_Required action_.
Within the listing that follows, reproduce exactly the lines starting at the line with "Another word to" and ending at the line with "So let's start", inclusive, and only those. Pictures are dropped.

_Supplied material_.

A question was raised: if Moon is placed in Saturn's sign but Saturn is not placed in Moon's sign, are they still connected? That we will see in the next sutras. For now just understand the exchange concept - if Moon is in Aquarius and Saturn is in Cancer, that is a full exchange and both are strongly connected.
* * *
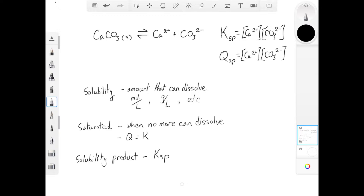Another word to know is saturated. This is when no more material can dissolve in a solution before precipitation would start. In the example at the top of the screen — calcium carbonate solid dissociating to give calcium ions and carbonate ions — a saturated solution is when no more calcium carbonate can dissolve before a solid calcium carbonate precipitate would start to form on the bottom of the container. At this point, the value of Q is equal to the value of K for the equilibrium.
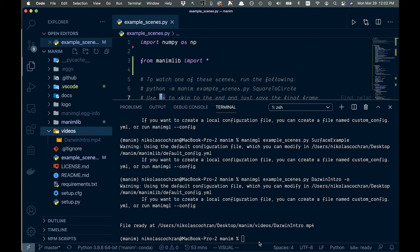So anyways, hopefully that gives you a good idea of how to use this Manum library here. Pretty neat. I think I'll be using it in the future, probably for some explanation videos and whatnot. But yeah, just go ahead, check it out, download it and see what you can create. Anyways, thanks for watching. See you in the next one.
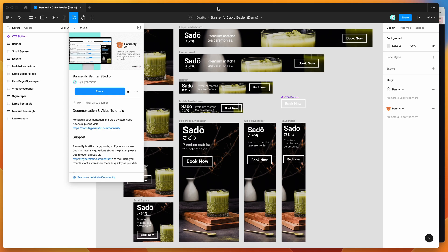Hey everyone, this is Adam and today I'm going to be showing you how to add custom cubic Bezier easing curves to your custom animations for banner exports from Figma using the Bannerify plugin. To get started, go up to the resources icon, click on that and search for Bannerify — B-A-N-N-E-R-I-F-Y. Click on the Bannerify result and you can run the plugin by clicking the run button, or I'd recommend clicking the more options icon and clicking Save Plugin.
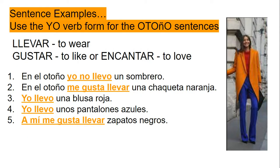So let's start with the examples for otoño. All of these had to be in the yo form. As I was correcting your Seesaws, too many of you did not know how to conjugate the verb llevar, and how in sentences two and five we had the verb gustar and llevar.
* * *
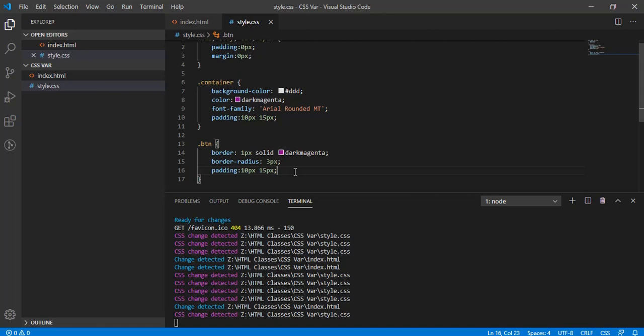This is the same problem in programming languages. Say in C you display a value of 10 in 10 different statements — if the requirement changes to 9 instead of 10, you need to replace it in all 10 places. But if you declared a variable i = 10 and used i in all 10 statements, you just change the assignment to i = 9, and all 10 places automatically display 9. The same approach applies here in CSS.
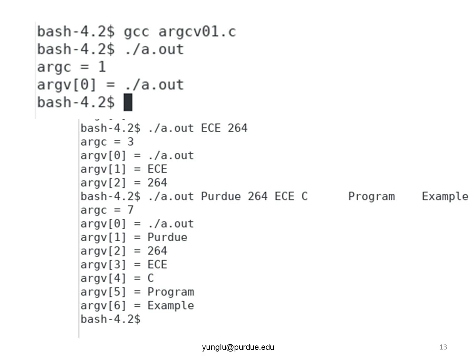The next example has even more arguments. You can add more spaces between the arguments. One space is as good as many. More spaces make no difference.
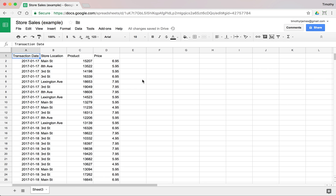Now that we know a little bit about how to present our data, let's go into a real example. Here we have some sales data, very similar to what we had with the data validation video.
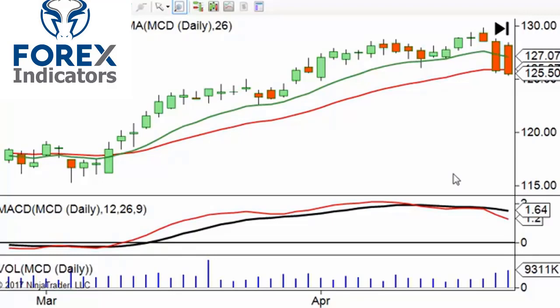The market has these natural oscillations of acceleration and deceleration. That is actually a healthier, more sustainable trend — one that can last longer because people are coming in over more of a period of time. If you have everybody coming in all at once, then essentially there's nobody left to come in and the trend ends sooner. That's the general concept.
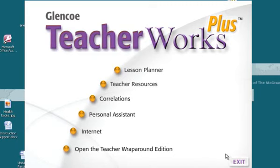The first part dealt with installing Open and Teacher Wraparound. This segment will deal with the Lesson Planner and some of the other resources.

_Answer box_.
Another word to know is saturated. This is when no more material can dissolve in a solution before precipitation would start. In the example at the top of the screen — calcium carbonate solid dissociating to give calcium ions and carbonate ions — a saturated solution is when no more calcium carbonate can dissolve before a solid calcium carbonate precipitate would start to form on the bottom of the container. At this point, the value of Q is equal to the value of K for the equilibrium.
So anyways, hopefully that gives you a good idea of how to use this Manum library here. Pretty neat. I think I'll be using it in the future, probably for some explanation videos and whatnot. But yeah, just go ahead, check it out, download it and see what you can create. Anyways, thanks for watching. See you in the next one.
Hey everyone, this is Adam and today I'm going to be showing you how to add custom cubic Bezier easing curves to your custom animations for banner exports from Figma using the Bannerify plugin. To get started, go up to the resources icon, click on that and search for Bannerify — B-A-N-N-E-R-I-F-Y. Click on the Bannerify result and you can run the plugin by clicking the run button, or I'd recommend clicking the more options icon and clicking Save Plugin.
So let's start with the examples for otoño. All of these had to be in the yo form. As I was correcting your Seesaws, too many of you did not know how to conjugate the verb llevar, and how in sentences two and five we had the verb gustar and llevar.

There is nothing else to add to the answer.